Исследуя на стенах отелей фотогалереи образов тех, кто любил останавливался в Гаване в старые (дореволюционные) времена, мы отыскали только одного выходца из России, еврейской национальности под фамилией Сачовлянский. Там же был также указан род деятельности г-на Сачовлянского - «финансист мафии» и номер комнаты, где он обычно останавливался   (бывший одессит, в 9-ти летнем возрасте эмигрировал в США, чтобы сделаться мировой знаменитостью под псевдонимом Мейер Лански). Нужно признать, что большинство знаменитых  почитателей Кубы имели американское гражданство.
Особые отношения с островом связывают и Эрнеста Хеменгуэя.



Печатью взаимной любви кубинцев не обойдено ни одно питейное заведение, которые любил посещать писатель в Гаване и ее окрестностях.
Особенно явственно это ощущаешь в Кохимаре, рыбачьей деревушке в пригороде столицы, где был написан  рассказ  «Старик и море» и еще долго после смерти Эрнеста Хеменгуэя  проживал его друг, капитан яхты Грегорио Фуэнтес ставший прототипом легендарного Старика.

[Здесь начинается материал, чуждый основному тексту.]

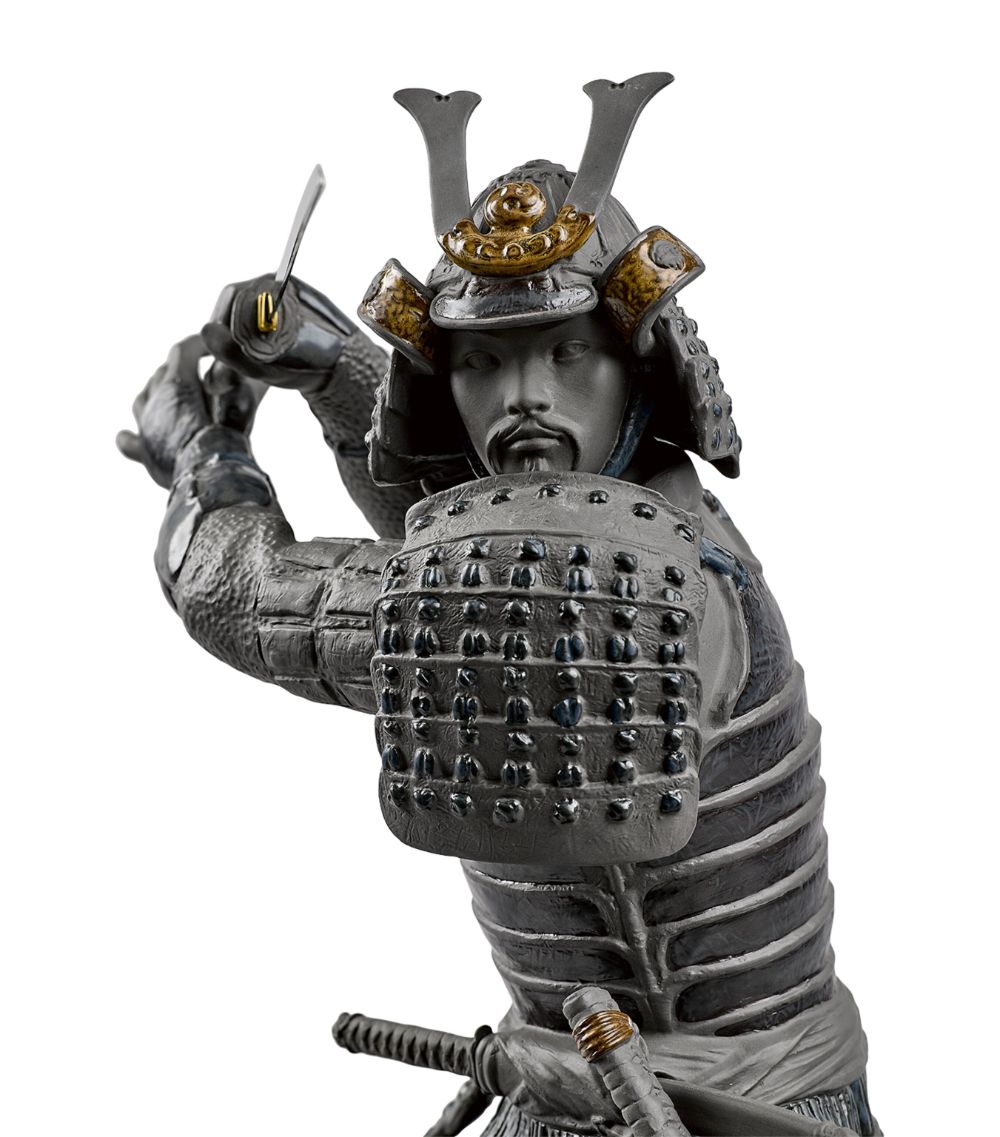 Lladró Lladró Samurai Warrior Figurine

Кохимар выглядит   плачевно.  В деревушке выделяются только 2 приятных для глаз объекта - площадка, где установлен бюст Хеменгуэя (на деньги местной рыбачьей общины) и фешенебельное, в сравнении с остальными запущенными грязными строениями, здание ресторана La Terrasa, где любил бывать писатель после возвращения с рыбной ловли.



В ресторане не было ни одного посетителя, и мы ограничились покупкой мороженого и рассматриванием фотографией Хеменгуэя и моря на стенах заведения.

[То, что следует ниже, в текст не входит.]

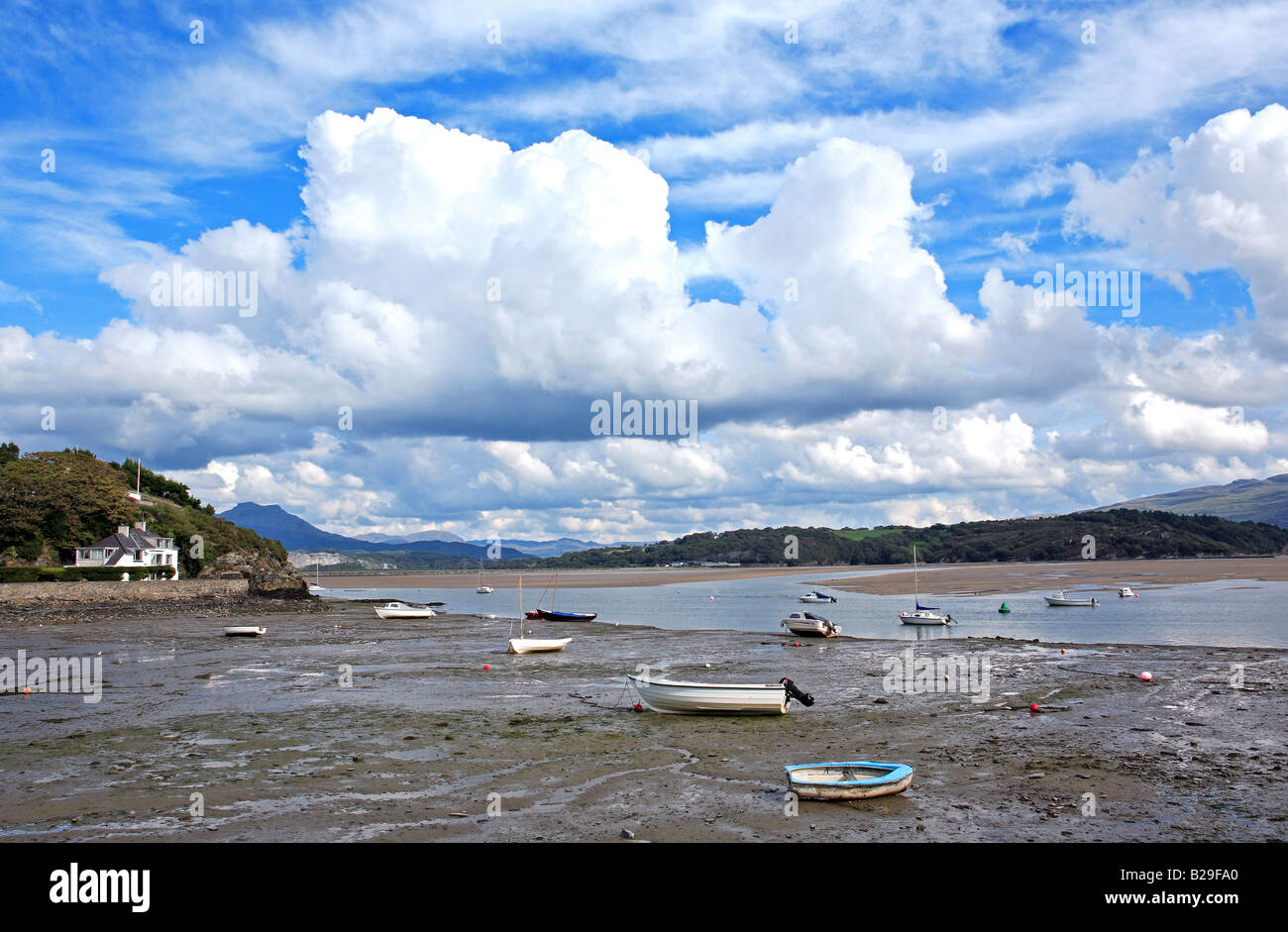 BORTH Y GEST Ref WP STRANGE2676DFWP seltsame 2676DF obligatorische Credit Welt Bilder Photoshot Stockfoto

Следующая попытка погрузиться в мир писателя оказалась для нас  более успешной.
Это произошло днем позже в старой Гаване - в 10-ти  метрах от Кафедральной площади находится  ресторан "Bodeguita del Medio". Там было весьма оживленно.



На первом этаже нам сразу же предложили выпить излюбленный напиток писателя – мохито и мы не отказались даже от пары. На втором этаже звучала музыка, мы пообедали бобовой похлебкой и рисом – то, что выделял в местном меню Хеменгуэй. В завершении обеда официант вынес нам фломастер - все стены заведения испещены росписями посетителей "Bodeguita del Medio», непостижимым образом Саша отыскал нетронутое каракулями местечко на синей оконной раме ресторана. Черкнул наши имена. Одним росчерком фломастера мы влились в историю  Кубы и известного американского писателя. Вуаля!




До третьего ресторана "El Floridita", где любил бывать Хеменгуэй и где  обещают попотчевать другим не менее знаменитым ромовым коктейлем – дайкири, мы в тот день не добрались. Хотя, уверенна, что дайкири бы не подкачал!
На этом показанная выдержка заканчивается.